I'm a huge believer in keeping old URLs working, so I didn't want to switch to a blogspot.com blog, or even move to blog.susansenator.com. Besides, Blogger had been seeming pretty creaky for a while, so I took the opportunity to try something better, namely Wordpress.

Creating the Wordpress blog was pretty simple. Our hosting provider offers one-click installation which worked great. Making a Wordpress theme can be a big undertaking, but not if you're just trying to mimic an existing simple blog layout. I downloaded a simple theme and started hacking away on it. The Wordpress docs are pretty good, definitely better than Blogger's, that's a recurring theme here.

Migrating all the content over was a bigger deal. Blogger offers a backup facility that gives you your entire blog as a giant XML file. Converting that to a Wordpress format was simple with blog converters. Included is blogger2wordpress, which turned my 16Mb Blogger XML file into a 12Mb Wordpress XML file.

Then Wordpress can import the XML file, but maximum size 2Mb, why? So I manually split the big XML file into 8 smaller XML files, which was tedious but not difficult. Importing each of them brought in all the old blog posts and comments. Nice. (For some reason, embedded YouTube videos are now just a URL in text, not sure why.

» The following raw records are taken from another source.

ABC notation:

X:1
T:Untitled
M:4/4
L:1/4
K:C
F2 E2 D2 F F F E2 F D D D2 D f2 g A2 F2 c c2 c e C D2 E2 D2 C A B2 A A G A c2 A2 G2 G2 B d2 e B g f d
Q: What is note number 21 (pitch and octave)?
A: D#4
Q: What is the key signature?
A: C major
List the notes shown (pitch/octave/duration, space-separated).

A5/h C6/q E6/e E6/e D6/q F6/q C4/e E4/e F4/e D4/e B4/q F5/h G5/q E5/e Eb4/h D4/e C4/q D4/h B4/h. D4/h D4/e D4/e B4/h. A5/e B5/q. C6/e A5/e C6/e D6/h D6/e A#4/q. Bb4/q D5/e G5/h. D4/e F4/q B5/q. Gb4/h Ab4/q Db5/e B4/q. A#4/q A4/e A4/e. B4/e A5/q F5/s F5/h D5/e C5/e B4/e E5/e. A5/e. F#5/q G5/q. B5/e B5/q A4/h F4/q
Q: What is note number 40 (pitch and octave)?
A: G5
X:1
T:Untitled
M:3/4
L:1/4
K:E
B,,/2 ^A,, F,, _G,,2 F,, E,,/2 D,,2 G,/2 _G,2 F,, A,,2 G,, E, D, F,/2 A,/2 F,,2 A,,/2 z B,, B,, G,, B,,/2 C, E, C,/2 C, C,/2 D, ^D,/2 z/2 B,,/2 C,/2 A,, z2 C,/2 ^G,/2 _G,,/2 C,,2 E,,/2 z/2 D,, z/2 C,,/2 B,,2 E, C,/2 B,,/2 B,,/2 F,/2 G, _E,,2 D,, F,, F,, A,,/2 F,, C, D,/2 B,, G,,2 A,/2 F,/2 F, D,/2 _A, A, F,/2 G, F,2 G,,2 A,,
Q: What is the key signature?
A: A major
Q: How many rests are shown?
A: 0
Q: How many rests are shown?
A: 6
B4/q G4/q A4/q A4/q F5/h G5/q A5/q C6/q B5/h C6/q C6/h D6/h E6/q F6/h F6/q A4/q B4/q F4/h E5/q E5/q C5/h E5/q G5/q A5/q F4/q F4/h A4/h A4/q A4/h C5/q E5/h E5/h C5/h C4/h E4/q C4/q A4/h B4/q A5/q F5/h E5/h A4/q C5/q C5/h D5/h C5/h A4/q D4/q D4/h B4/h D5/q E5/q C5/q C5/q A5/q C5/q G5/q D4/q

If I had noticed that earlier I may have been able to do something about it.)

Now we have a Wordpress blog that works just like the Blogger blog did, except that everything has a different permalink than it did before. The first step to fix that is to change the permalink style Wordpress uses. It defaults to something horrendous like:

http://susansenator.com/blog/?p=123

Select "Month and name" under Permalink settings in the Wordpress installation. This makes Wordpress use nice URLs like:

http://susansenator.com/blog/2010/04/here-be-dragons/

Changing this setting will either add or require you to add a chunk of mod_rewrite rules to your Apache .htaccess file:

<IfModule mod_rewrite.c>
RewriteEngine On
RewriteBase /blog/
RewriteCond %{REQUEST_FILENAME} !-f
RewriteCond %{REQUEST_FILENAME} !-d
RewriteRule . /blog/index.php [L]
</IfModule>

But lots of other things are subtly different. Archive pages are named differently, Blogger had an index.html page for the blog, and so on. I manually added these rewrites to fix these issues:

# Blogger slugs have .html, wordpress does not.
RewriteRule ^blog/([0-9]{4})/([0-9]{2})/(.*)\.html?$ /blog/$1/$2/$3/ [R=301,L]

# Blogger archives are different.
RewriteRule ^blog/([0-9]{4})_([0-9]{2})_01_archive\.html /blog/$1/$2/ [R=301,L]

# Blogger feeds are now found at the wordpress feed
RewriteRule ^blog/atom.xml /blog/feed/ [R=301,L]
RewriteRule ^blog/rss.xml /blog/feed/ [R=301,L]

# Blogger had the old-style index.html.
RewriteRule ^blog/index.html /blog/ [R=301,L]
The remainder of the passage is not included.